Cuando ahora se le pregunta por el escándalo de pedofilia que sacude al vaticano hace una mueca de desagrado. “Eso está muy mal”, corta sin remilgos. Luego agrega que el vaticano debería haber condenado enérgicamente los abusos sexuales. El teólogo sabe tanto de asuntos humanos como divinos y está perfectamente consciente de la importancia del placer sexual para una vida plena. De hecho cuando una periodista le preguntó cómo hacía él para reconciliar su sexualidad con lo que dice la Biblia, respondió tranquilamente que la Biblia no condenaba la homosexualidad. Al menos él despejo las dudas sobre su sexualidad hace mucho tiempo declarándose homosexual, pero célibe. Aunque es una figura del establishment, no debe haber sido fácil dar ese paso cuando el lo hizo hace casi dos décadas.

En cuanto a la Biblia, si lo dijo con tal seguridad es porque Gomes es una de las mayores autoridades mundiales en las Sagradas Escrituras. Por eso sostiene que aunque es prácticamente imposible llevar una vida bíblica en nuestra época, es posible vivir de acuerdo con los principios de amor al prójimo contenidos en los evangelios. “La religión es un problema en el mundo moderno”, dijo hace unos meses en una entrevista. “La gente dice tener creencias religiosas profundas, pero esto causa que actúen de manera irracional y que muestren indiferencia hacia los otros.
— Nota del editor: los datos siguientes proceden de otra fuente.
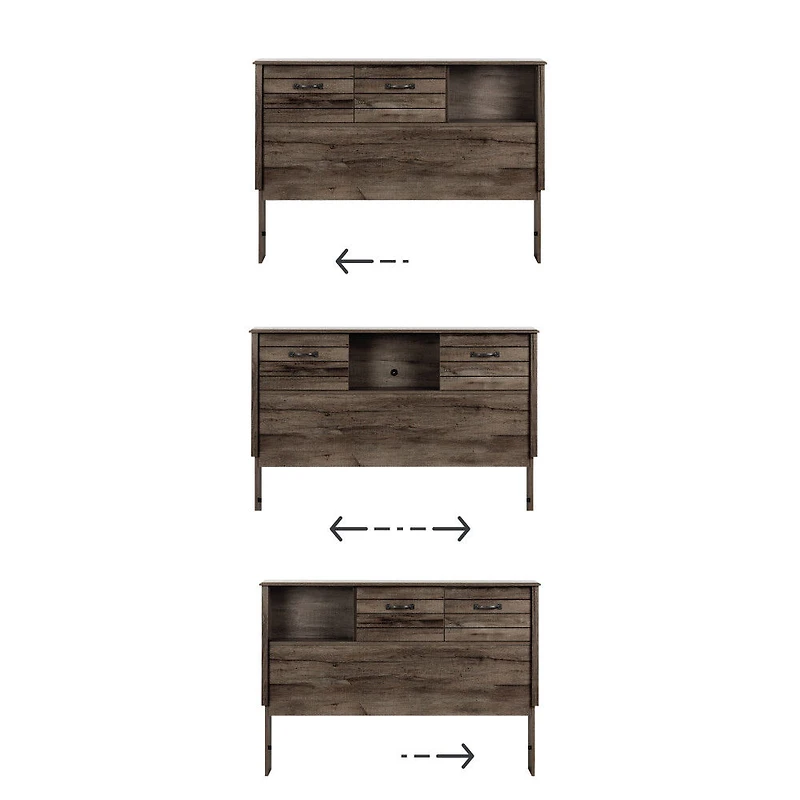 Ulysses Tête de lit bibliothèque avec portes coulissantes Double Chêne d'automne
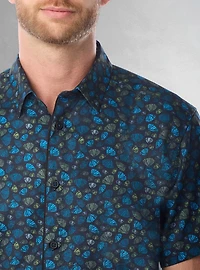 Chemise décontractée en stretch à manches courtes pour hommes
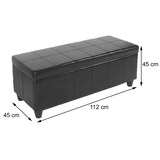 thumbnail of Aufbewahrungs-Truhe Sitzbank Kriens, Leder + Kunstleder, 112x45x45cm FSC®-zertifiziert ~ creme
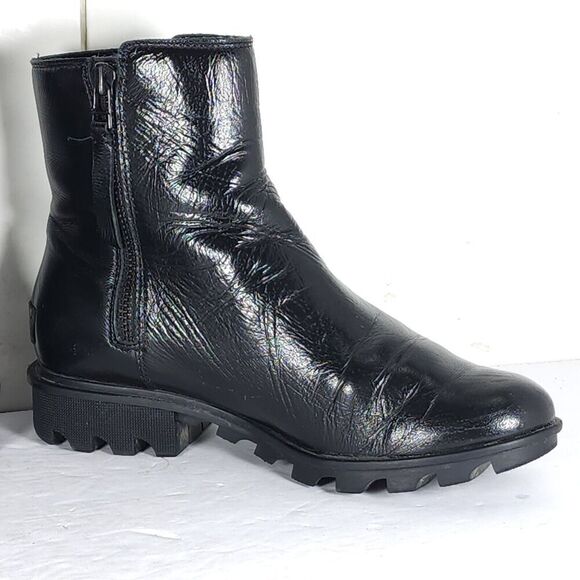 Sorel Women’s Emilie II US 8,5 Black Patent Leather Side Zip Ankle Boots Booties - Picture 7 of 15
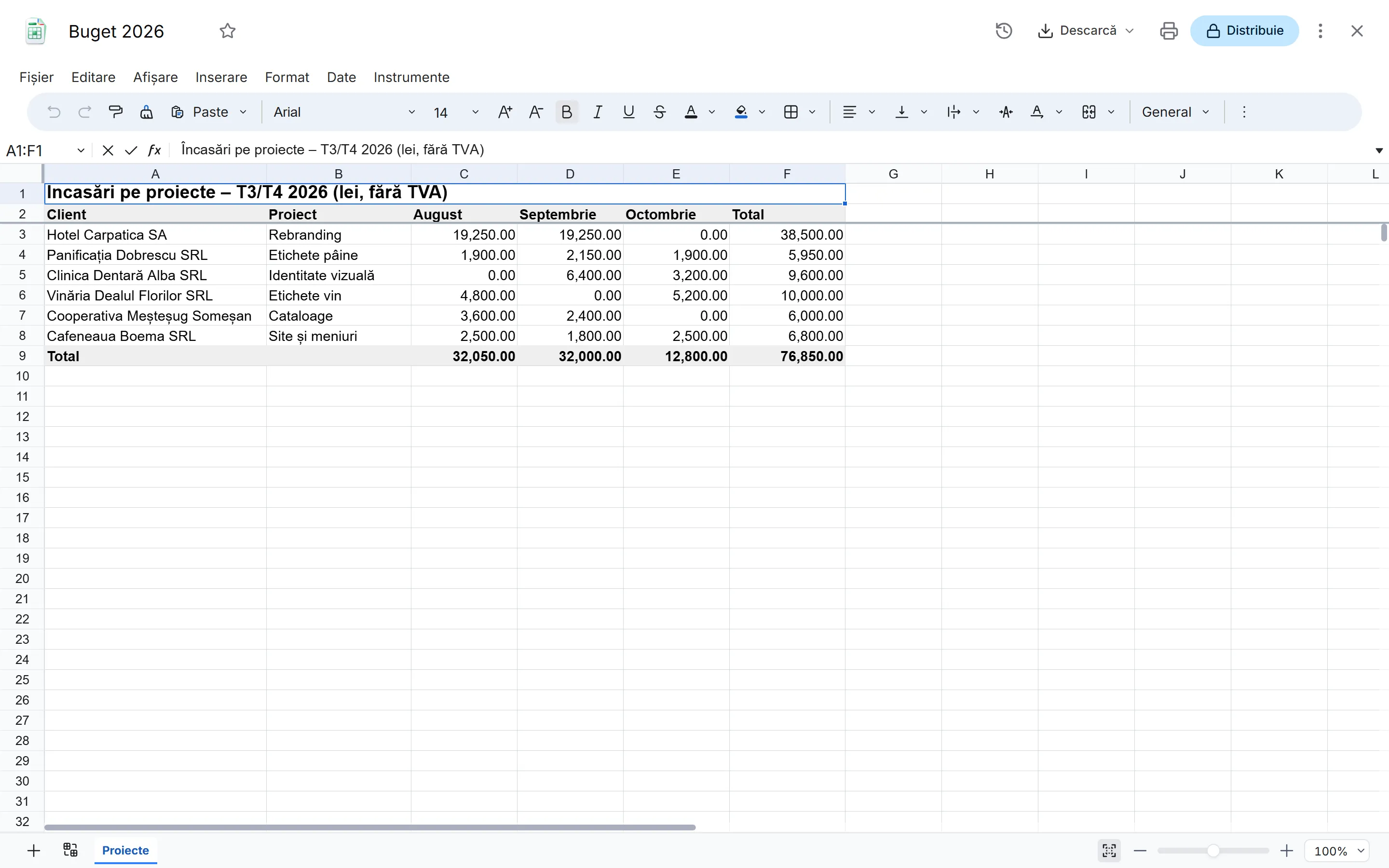 O foaie de calcul deschisă în VYB Sheets, cu bara de formule și celulele foii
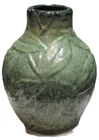 99 No Reserve Green Art Pottery Favrile Style Vase w/Large Leaves Weller (attr.)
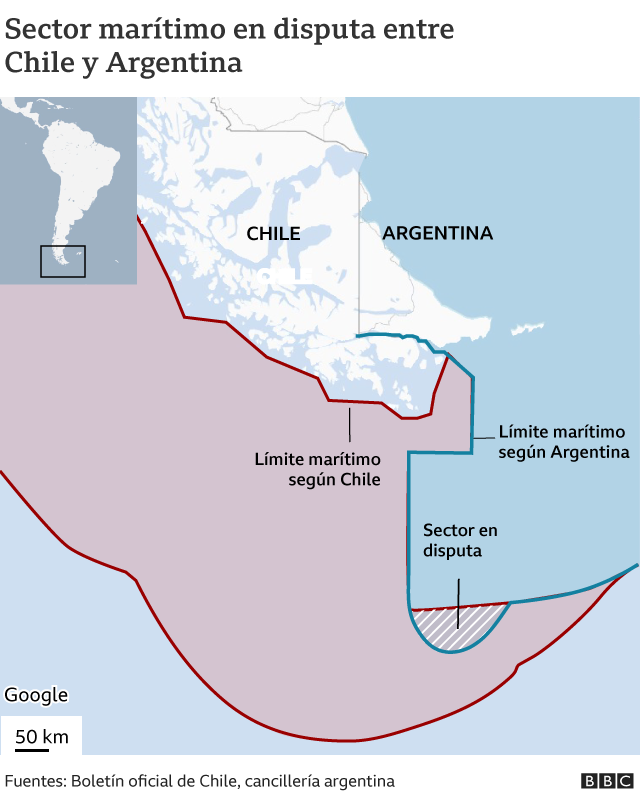Mapa disputa territorial Chile y Argentina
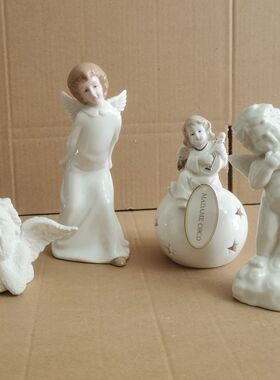 出口原单创意礼品可爱陶瓷天使摆件装饰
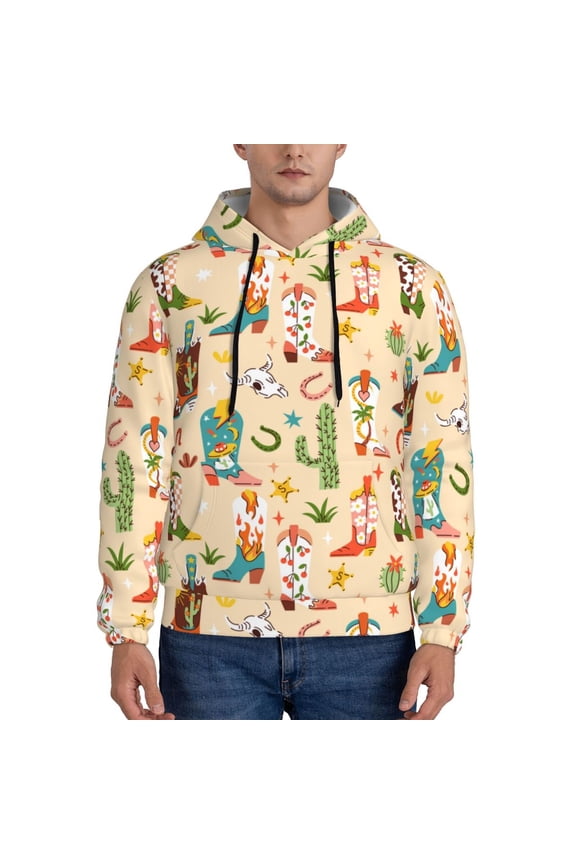 Groovy American Western Footwear Pattern Mens Hoodies Men's Loose Sleeve Sweatshirt,Pullover Hooded Sweatshirt for Men,Essentials Hoodie-Medium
De manera que la religión debe ser tomada en serio para encontrar vías para moderar las pasiones que genera. Gomes es autor de The Scandalous Gospel of Jesus, un libro tan provocador como popular. De acuerdo con él, el duradero éxito del Nazareno se debió a que, en una época plagada de opresión y dificultades, predicaba una visión optimista del futuro.  En esa misma entrevista también dijo: “De acuerdo con Jesús, las mejores cosas están por venir. Y si creemos en eso y actuamos en consecuencia, esas cosas se pueden hacer realidad. Con su pregón, Jesús animaba a ser más valerosos de lo que ordinariamente seríamos. Hablaba de cosas que aun no habían pasado y, en consecuencia, eso le daba energía a sus seguidores. Hay un futuro por delante, decía. Y esa es una idea muy estimulante”.

El té está listo. Pero el té es lo de menos. Lo que todos quieren es que el reverendo Peter Gomes, oriundo de Plymouth y cuyas raíces están en Cabo Verde y Portugal, continue urdiendo historias con su muy poco común ingenio flemático, divertido y filosófico. Desde el fondo alguien pregunta qué cosa no debe perderse nadie que esté en Harvard por un año. Gomes se queda muy quieto, y al levantar la cabeza a contraluz, su cara redonda y su boca gruesa, recuerdan a Louis Armstrong. Por los cristales se escurre una luz tibia. Si se presta atención se verán los arbustos que comienzan a florecer después de pasar desnudos el invierno. “Nadie debe dejar de dar un paseo por el Mount Auborn Cemetery en primavera. He sentido una gran paz mientras camino por allí. Es un sitio antiguo, hermoso, donde se encuentran los extremos: el recuerdo de los muertos mientras se camina entre las lápidas y la fiesta del nacimiento de la vida retoñando en los árboles y las plantas. Para mí, es una agradable experiencia espiritual”.

El cuarto se ha inundado de silencio. Cada una de las personas se conecta a su modo con la imagen ofrecida. Su voz profunda propone que comience la ceremonia del té. Así concluye la improvisada conferencia de prensa. Levanta su cuerpo regordete de la butaca y se ofrece, en genio y figura, a guiarnos por su casa.